The bronze Nu debout has a special place in the artist’s oeuvre. It was made in 1963 and is a token of Dodeigne’s work in modelling as it was originally made of plaster. This transitional piece heralded his work with wax and bronze. It also echoes the languid nudes that Dodeigne painted in parallel. In this bas-relief, he produced an image with depth, where a sensual nude emerges from the material.

Dodeigne’s large charcoal drawings are his other hallmark. They single him out as much as his stone sculptures do. They tell us a lot about how Dodeigne would work when wintry weather would make it difficult for him to cut stone. These drawings were preludes to sculptures. They were born in the excitement of modelling sessions in which Dodeigne would tirelessly sketch with charcoal on 75 x 106 cm sheets of paper. The drawings selected for this exhibition cover the period from 1976 to 1999. They are displayed for the first time. Dodeigne’s strokes are delicate and careful in his drawings from 1976 to 1978. Afterwards, they become more emphatic and natural. These drawings are works of art in their own right as much as they are studies.

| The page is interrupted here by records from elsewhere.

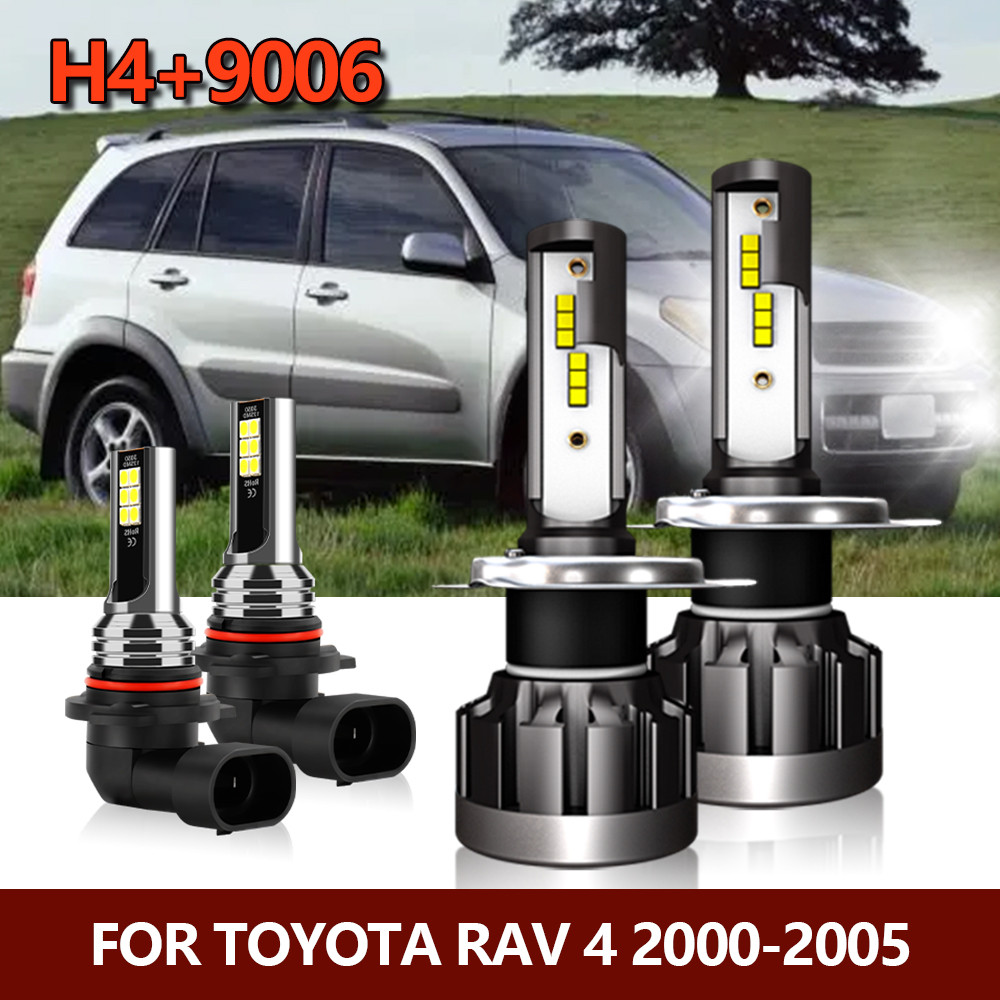 4x Bohlam Lampu Depan LED H4 Hi/Lo 9006 Lampu Kabut Mobil Lampu Kombo Kit Terang untuk Toyota RAV 4 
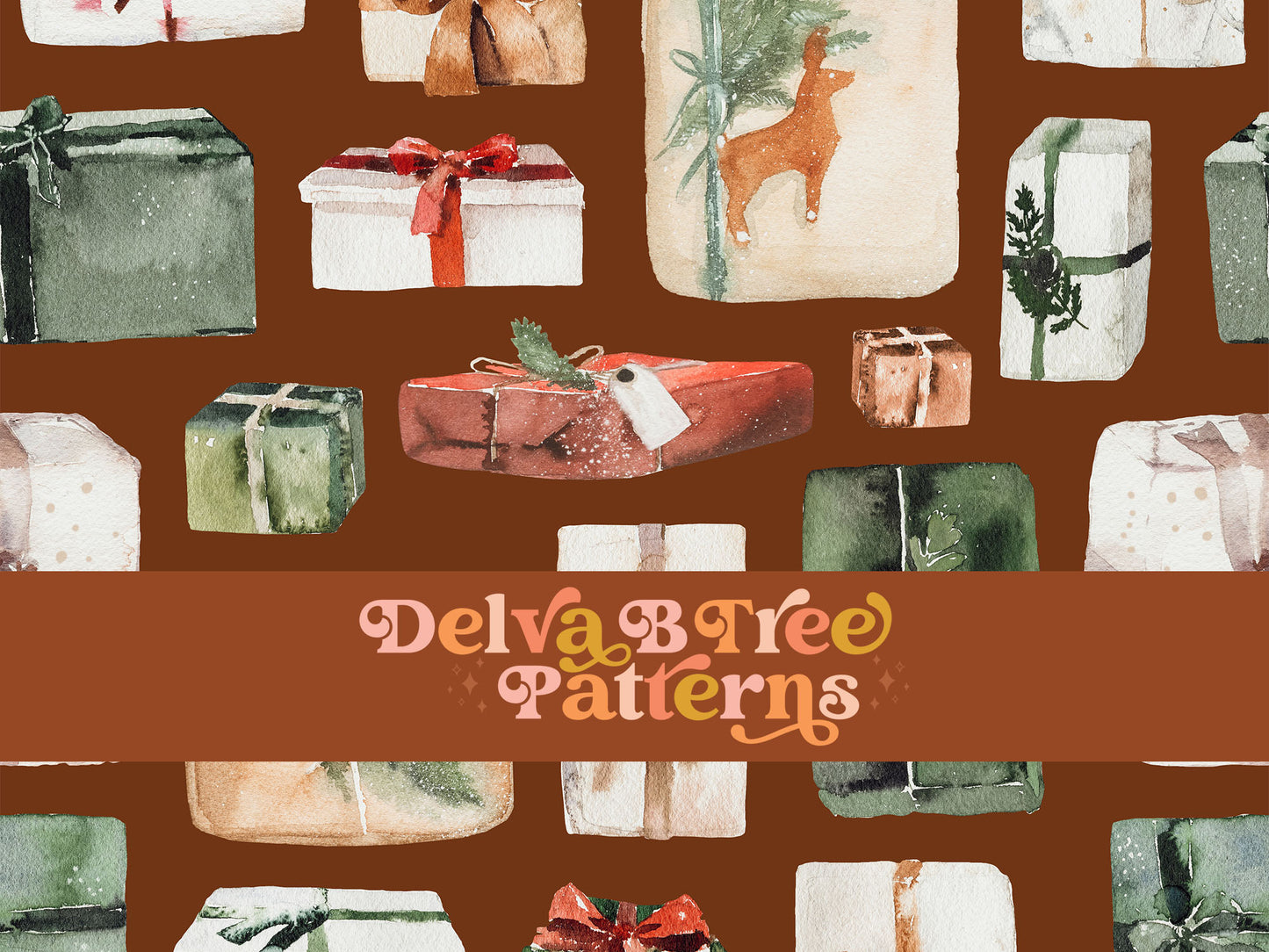 Watercolor Christmas Presents, Holiday Packages and Ribbon Bows seamless pattern digital file for small shops that make handmade products in small batches.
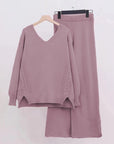 Slit V-Neck Long Sleeve Top and Pants Sweater Set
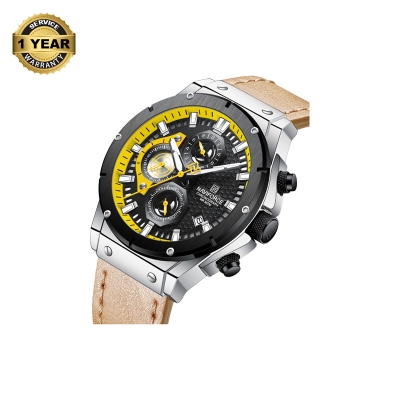 Picture of NAVIFORCE NF8027 Dark Brown PU Leather Chronograph Watch For Men - Yellow & Dark Brown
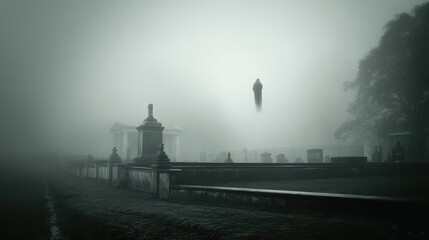 Ghostly Figure Floating Above Grave in Misty Cemetery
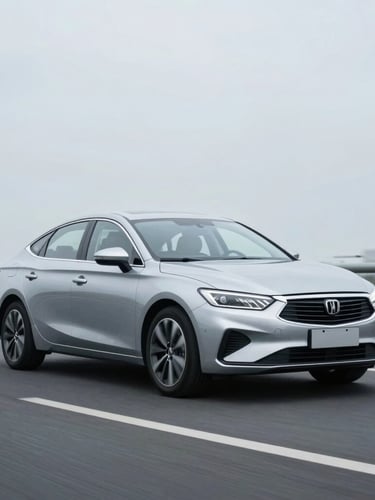 A modern silver sedan driving on a clean highway under bright overcast daylight, cool slate tones, sharp focus, 35mm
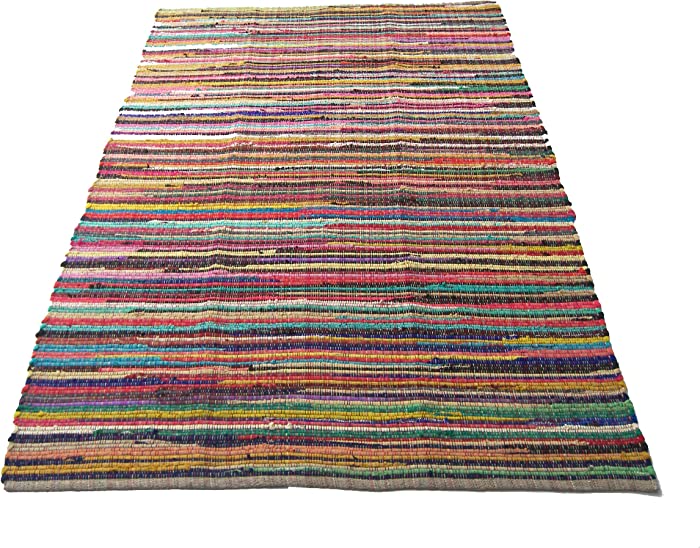 Chardin Home - Eco Friendly 100% Recycled Cotton Colorful Chindi Area Rug – 8’x10’, Multi.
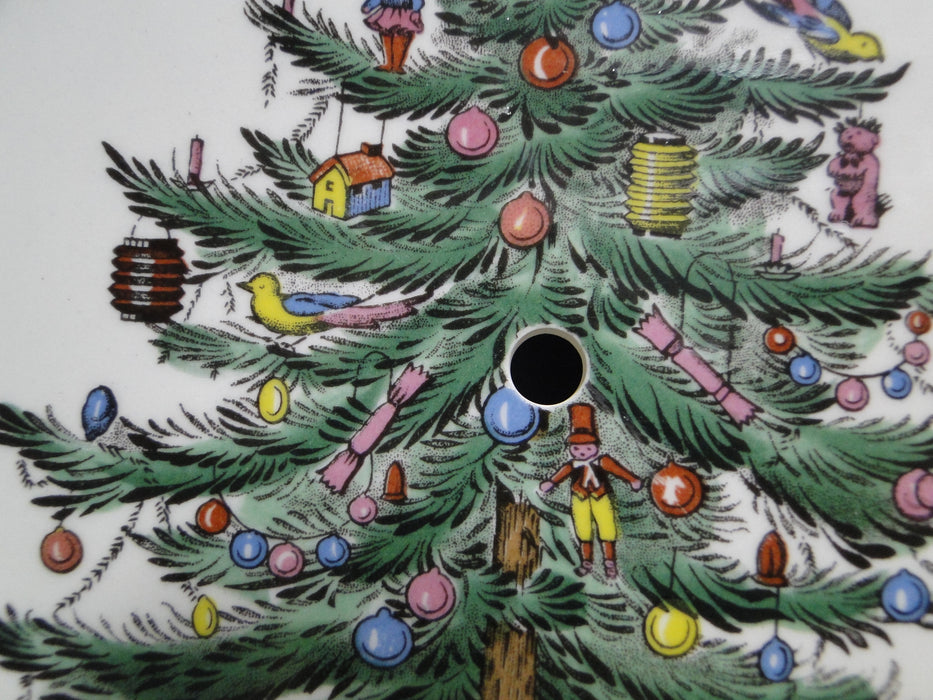 Spode Christmas Tree, Green Trim, England: 2-Tier Serving Tray, Green Trim Loss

In 2020, the La Piscine Museum in Roubaix, France, was due to present a Eugène Dodeigne retrospective. But the Covid pandemic compelled the museum to close its doors. Eventually, the exhibition was able to open: the public finally rediscovered a major artist and an oeuvre that is actually much less monolithic – both literally and figuratively – than we tend to assume. This event gave Dodeigne lasting prestige: that of an artist who was as essential as he was unique in France’s cultural scene in the second half of the twentieth century – and that of a master creator with a rightful place in history’s pantheon of sculptors. This exhibition at the Galerie Christophe Gaillard is a fresh, remarkable testimony to that monumental artistry.


Germain Hirselj
 

 
Eugène Dodeigne (1923-2015) was born in Belgium and became a naturalized French citizen when his parents moved to the North of France. Regularly exhibited in France and abroad, Eugène Dodeigne's works are held in numerous public collections (at the Fonds National d'Art Contemporain and the Musée National d'Art Moderne-Centre Georges Pompidou in Paris, the LAAC in Dunkirk, the LAM in Villeneuve d'Ascq, the Musée des Beaux-Arts in Lille, the Fondation Maeght in Saint-Paul de Vence, etc. ) as well as in Algeria, England, Germany, Austria, Argentina, Belgium, the Netherlands, Switzerland and the United States, notably at MoMA in New York and the Smithsonian Institute in Washington. In 2020, the La Piscine museum in Roubaix dedicated a remarkable retrospective to the work of Eugène Dodeigne and presented sixty years of creation (Soignies stone, plasterwork, wood, bronzes, terracotta, drawings, paintings and furniture elements).